さらに、必要に応じて社内ポータルをモバイルアプリ化しプッシュ通知機能を持たせるなど、社員の行動様式に沿ったUX改善も検討 できます。また、UI改善の取り組みとして近年注目されるニューモーフィズム(フラットデザインに陰影をつけ立体感を出す手法)やマイクロインタラクション(ボタンを押した際の小さなアニメーション等)などを適用し、楽しく直感的に操作できる演出を加えるのも有効でしょう。ただし過度な装飾やアニメーションは表示速度低下や視認性低下を招く恐れもあるため、あくまで使いやすさを損なわない範囲で取り入れることが大切です。かっこよさより使いやすさ──社内ポータルサイトのデザインではこの原則に徹し、従業員が日々ストレスなく利用できることを最優先にしましょう。
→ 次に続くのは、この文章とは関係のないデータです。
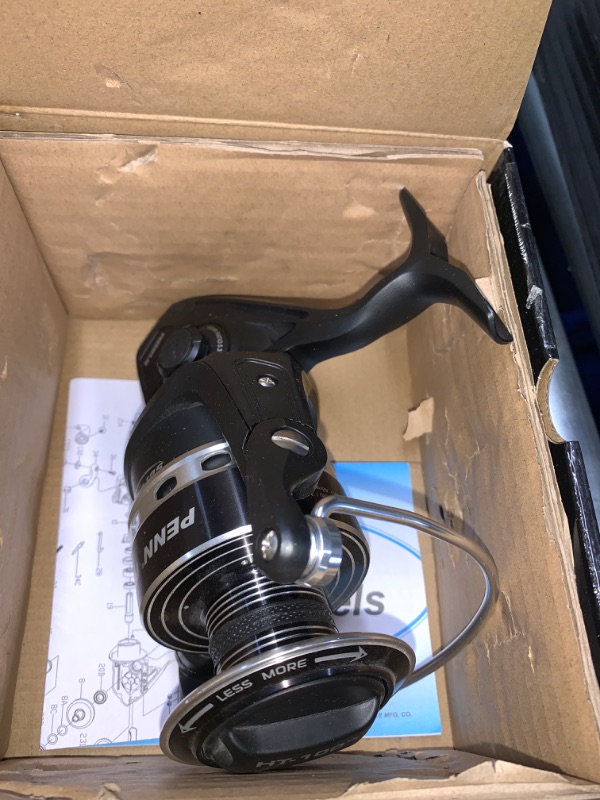 Photo 2 of * MISSING PARTS* PENN Pursuit IV Nearshore/Offshore Spinning Fishing Reel, Size 8000, HT-100 Front Drag, Max of 25lb, 5 Sealed Stainless Steel Ball Bearing System, Built with Carbon Fiber Drag Washers,Black/Silver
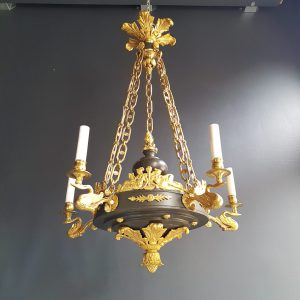 Empire Kronleuchter, alter Kronleuchter von Light Delux Berlin
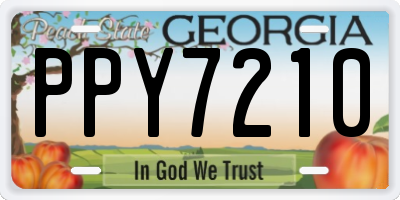 GA license plate PPY7210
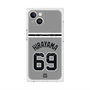 プレミアムスクエアケース with MagSafe［ 読売ジャイアンツ - #69 HIRAYAMA - ビジター ］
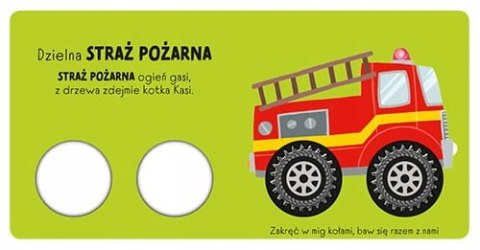 Co jedzie... na ratunek Zakręcona książka Zakręć Kołami Książeczka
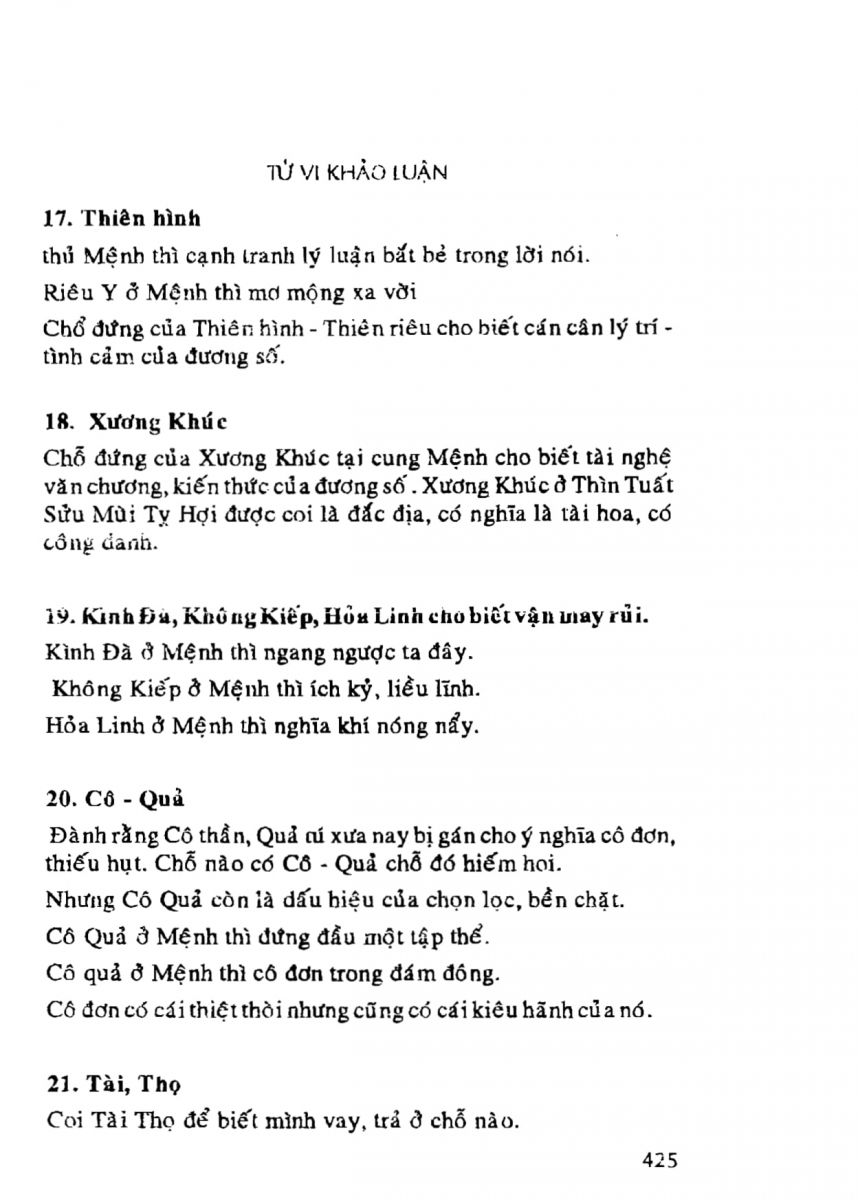 Tử Vi Khảo Luận - 425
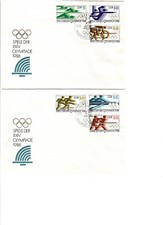 NRD 2 listy pierwszego dnia obiegu "Igrzyska XXIV. Olimpiada 1988 Seul", 6 wartości, top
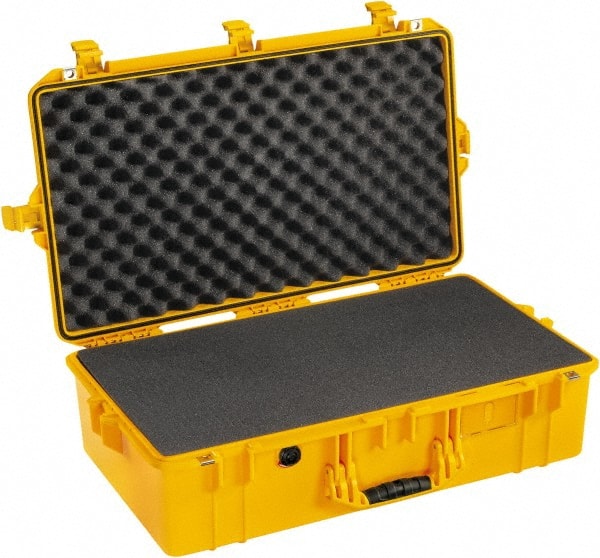 Pelican Products, Inc. - 16-49/64" Wide x 9-1/8" High, Aircase w/Foam - Yellow - Exact Tooling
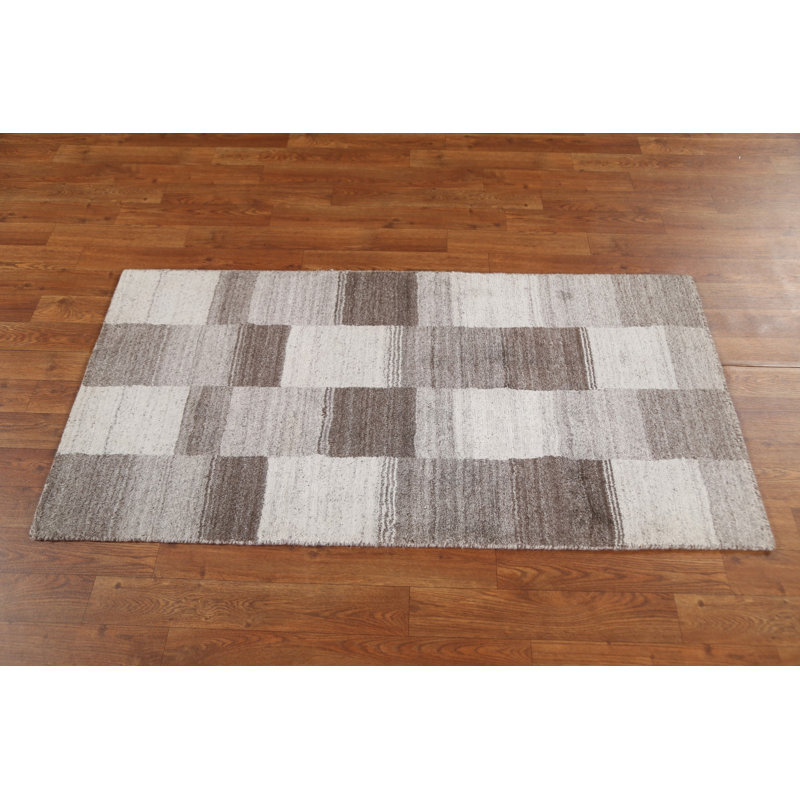Checkered Gabbeh Rug 2x5
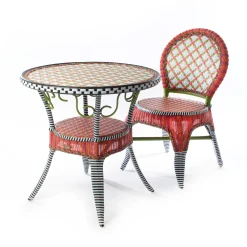 Outdoor|Spring|MacKenzie-Childs Breezy Poppy Outdoor Cafe Chair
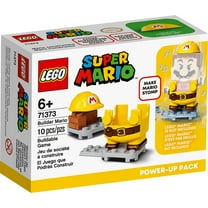 Pre-Owned LEGO Super Mario Builder Mario Power-Up Pack 71373 Building Toy Outfit Expansion for Kids (10 Pieces)
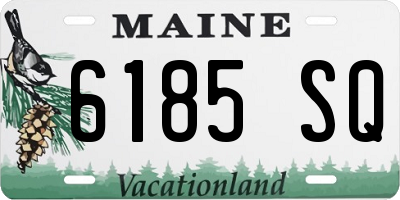 ME license plate 6185SQ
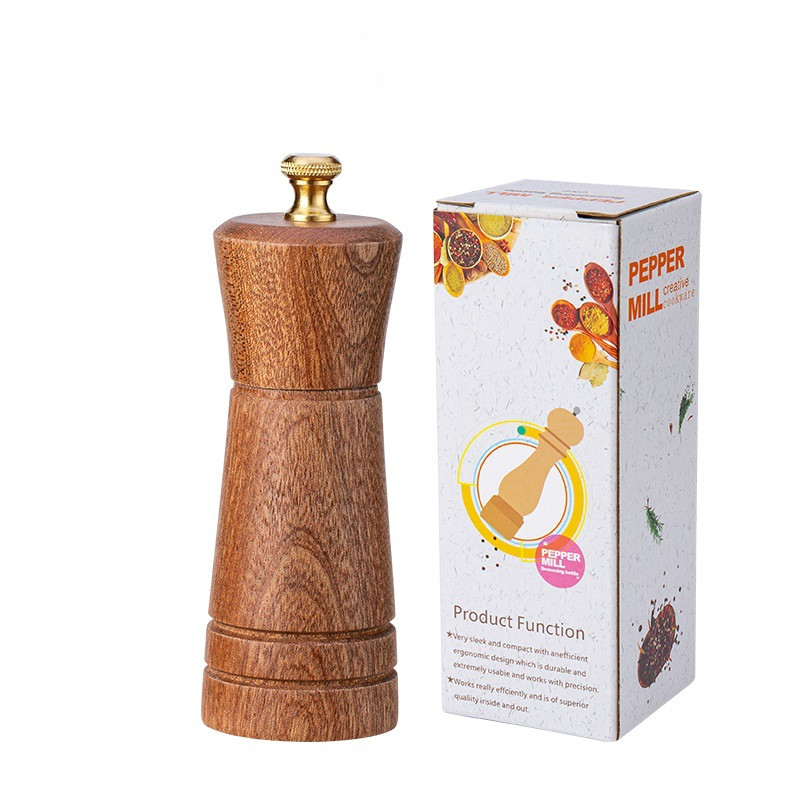 Title 1, Kitchen Household Manual Solid Wood Pepper Powd...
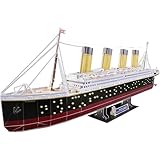 Revell 3D Puzzle RMS Titanic LED Edition | Detailgetreue Nachbildung des legendären Schiffs |...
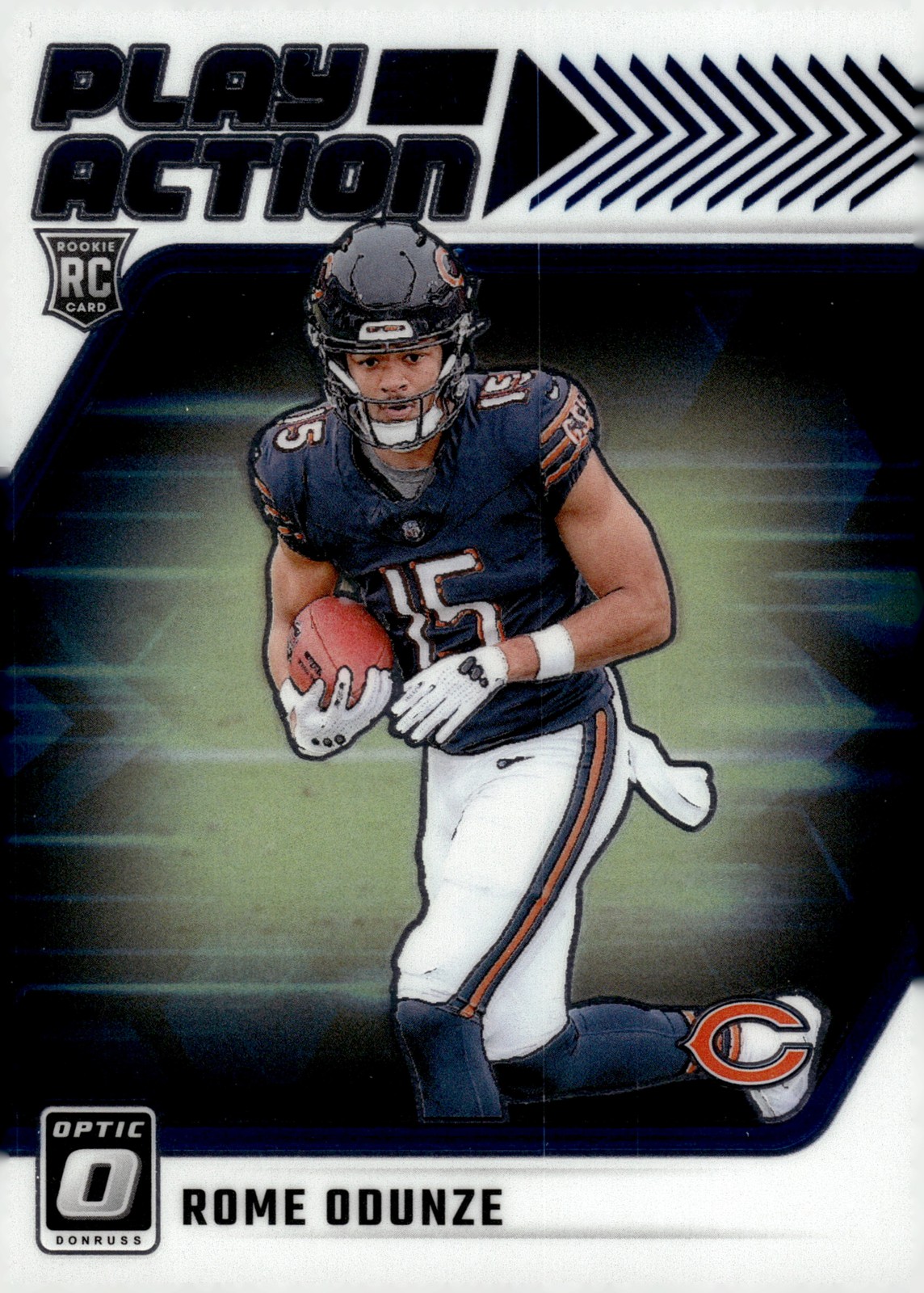 2024 Donruss Optic #3 Rome Odunze Play Action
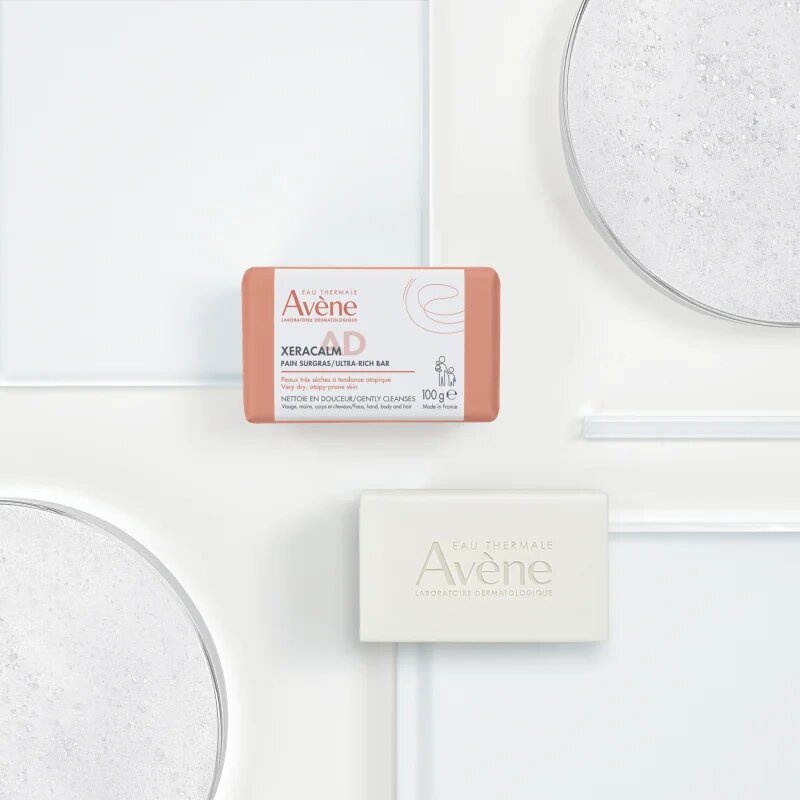 Avène XeraCalm A.D. Ultra-Rich Bar ultra hranilna kocka za umivanje za suho do atopijsko kožo 100 g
社内ポータルサイトのデザインは段階的に変化させなければならない
既存の社内ポータルサイトをリニューアルしたり、新たに設計を変えていきたい場合、ユーザーである社員に極力ストレスや抵抗感を与えず進めることがカギとなります。長年使い慣れたサイトが急に大きく変わると、「どこに何があるかわからない」と利用者が戸惑い、場合によっては反発を招く恐れもあります。そこでこの章では、段階的にデザイン変革を起こす方法をまとめます。
社内ポータルサイトのデザイン改善ステップ: 大規模なリニューアルも、小さな改善の積み重ねで円滑に進めることができます。以下はデザイン変更を段階的に行うための主なステップです。
ログの取得:
まずは現状のポータル利用状況を客観的に把握することから始めます。アクセスログを取得・分析し、社員がどのような情報にアクセスしているか、どのページがよく見られているか、逆に見られていないコンテンツは何か、といった行動パターンをデータで確認しましょう。アクセス数や滞在時間、検索されたキーワードなどを分析することで、社員のニーズと課題が浮き彫りになります。
アンケート:
定量データだけでなく社員の生の声を集めることも重要です。ログ分析では見えない使用感や要望を知るため、ユーザーアンケートやヒアリングを実施しましょう。リニューアル前後でサイトの使いやすさ・見やすさについて質問したり、改善してほしい点や新機能の希望を募ったりします。回答率を上げるために、調査の実施期間や回答方法を明確に案内し、できるだけ多くの人からフィードバックをもらうのがコツです。集まった回答は集計・分析し、デザイン改善の方向性を探ります。社員から直接上がった改善案は貴重なヒントとなり、次のアクションプラン策定に活かせます。
デザイン改善案の策定:
ログ分析やアンケート結果を踏まえ、具体的にどの部分をどう改善するかのプランを立てます。社員が求める情報にスムーズに辿り着けるデザインとはどのようなものか、現行デザインの何が障壁になっているのかを検討します。たとえば「トップページに◯◯へのリンクを追加」「◯◯機能のアイコンをより目立つデザインに変更」「専門用語に説明ポップアップを付与」といった具合に、ニーズに沿った改善策を洗い出しましょう。優先度付けも重要です。影響範囲が大きいものや要望件数の多いものから手を付け、段階的に着手していく計画を立てます。
改修と運用:
改善案がまとまったら、本番環境での展開(実装)に移ります。一度に大幅な変更を加えるのではなく、可能な限り小さな変更から始めるのがポイントです。まずはユーザーが直感的に気付ける操作性の改善など負担の少ない変更をリリースし、その都度ポータル上や社内メールで「〇〇をこのように改善しました」と周知してフィードバックを募ります。一気にデザインを変えて社員を混乱させるのではなく、少しずつの変化に慣れてもらいながら段階的に刷新していきましょう。変更のペースは社員の反応や習熟度を見ながら調整します。アップデート後は必ずログやアンケートで効果検証を行い、更なる微調整(マイナーチェンジ)を重ねます。継続的な小改善サイクルを回すことで、大きな抵抗感を生むことなく長期的に見て大幅なUX向上を実現できます。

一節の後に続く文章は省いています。